Many others objected to the adoption of the maple leaf as our flag because the broad leaf maple is native only to the eastern part of the country and not to the western part. Still others thought it was a Liberal plot. In spite of these objections, today most Canadians have a very emotional attachment to the flag. Most Canadians felt a very deep sense of pride when they saw the maple leaf rise up the flagpole at the Olympics.
It was at the recent winter Olympics that the member for Rimouski—Mitis announced to the Canadian public that there were too many Canadian flags on display at the athletes village. In response to this pronouncement when the hon. member returned to this House, members on both sides of the House demonstrated their objections to those comments. I was one of them. I was one of the many members on both sides who were out of order in that demonstration.
The member for Rimouski—Mitis was never denied her opportunity to speak. She was just delayed. Many of us have been delayed in posing questions in this House because other members were out of order and causing distractions.
The flag waving and singing of the national anthem should have been the end of it. However, because of the overreaction of certain members in this House and the joy of continuing this debate in the media, we have found ourselves in the middle of the second great flag debate. What should have been a one day story is now reaching its third week. Efforts to reach a compromise by the various House leaders were unsuccessful because people and parties refused to budge in their positions.
Yesterday the Speaker ruled that he did not have the power to change the rules of the House. Therefore today we are having this debate to see if members of Parliament are willing to change the rules to allow a small Canadian flag to sit on a member's desk in an unobtrusive manner. But make no mistake about it. The debate will not end here with this vote because we still have the Standing Committee on Procedure and House Affairs examining another aspect of this story.
Why are we having all these debates at all?

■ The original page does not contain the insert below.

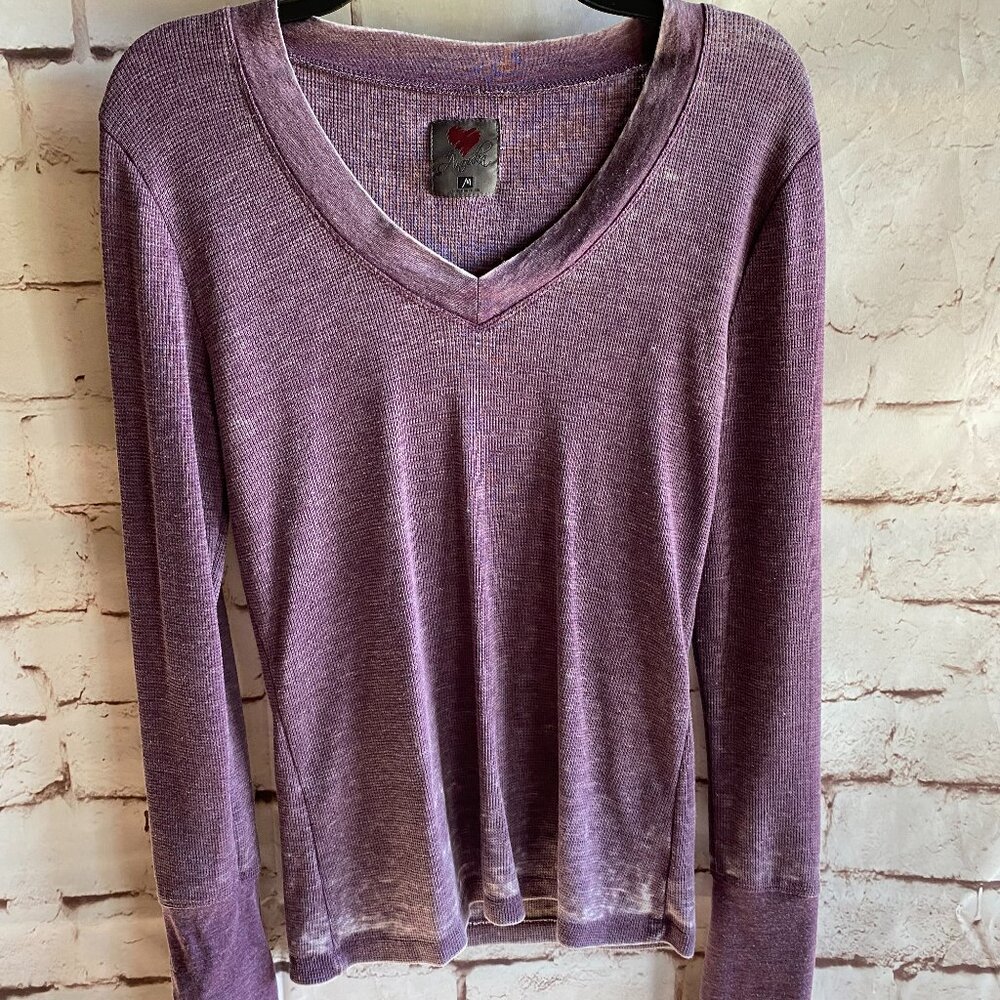 Women's Purple Longsleeve Shirt - Size M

When people have asked me why we have reached this position, the only answer I can give is that this entire debate is due to an excess of testosterone in this House. People have become so intransigent in their positions that reason and logic have left the debate and it is now based on pure emotion.
This brings us to today's motion. I do not believe that anyone who does not have a Canadian flag on their desk is any less a Canadian than someone who does. I spent my first four years in this House without a Canadian flag on my desk and I feel no less a Canadian for it.
The question in today's motion is should the Canadian flag be allowed to sit on a member's desk in the Chamber. The only argument I have heard against having desk flags is that they can be used as props to cause a disruption in this House. We do not need flags to cause a disruption in this House. We are a clever group of people and to get our point across we find many other means of causing distractions and disruptions in this House.
I wonder what would have happened if some members started to disrupt the proceedings by banging their shoes on their desks like Soviet leader Nikita Khrushchev did at the United Nations in the early 1960s. Would we then have motions to outlaw shoes from this Chamber? Of course we would not because everyone would realize that it was not the shoe that was the problem but the way it was being used.
It is the same point with the flag. Today's motion makes it clear that the flag is to remain stationary and is not to be used as a distraction to the debate. How can this be objectionable?
If a member decides to use the flag to create a disturbance, he or she would be clearly out of order and subject to the authority of the Speaker. If a member cannot bring a small Canadian flag into this Chamber, then where can we bring a flag?
As I conclude my comments on this subject, I would like to make the following observation. The federalists have no reason to apologize to the separatists in this House. We must counter their separatist arguments with intelligence, logic and positive use of emotion and patriotism. The separatists would like nothing more than to provoke another incident like the desecration of the Quebec flag in Brockville in the early 1990s.
We must be diligent to keep the debate focused. It would be refreshing if all parties and all members would take the high road and get on with the serious debate that Canadians expect us to carry on in this House of Commons.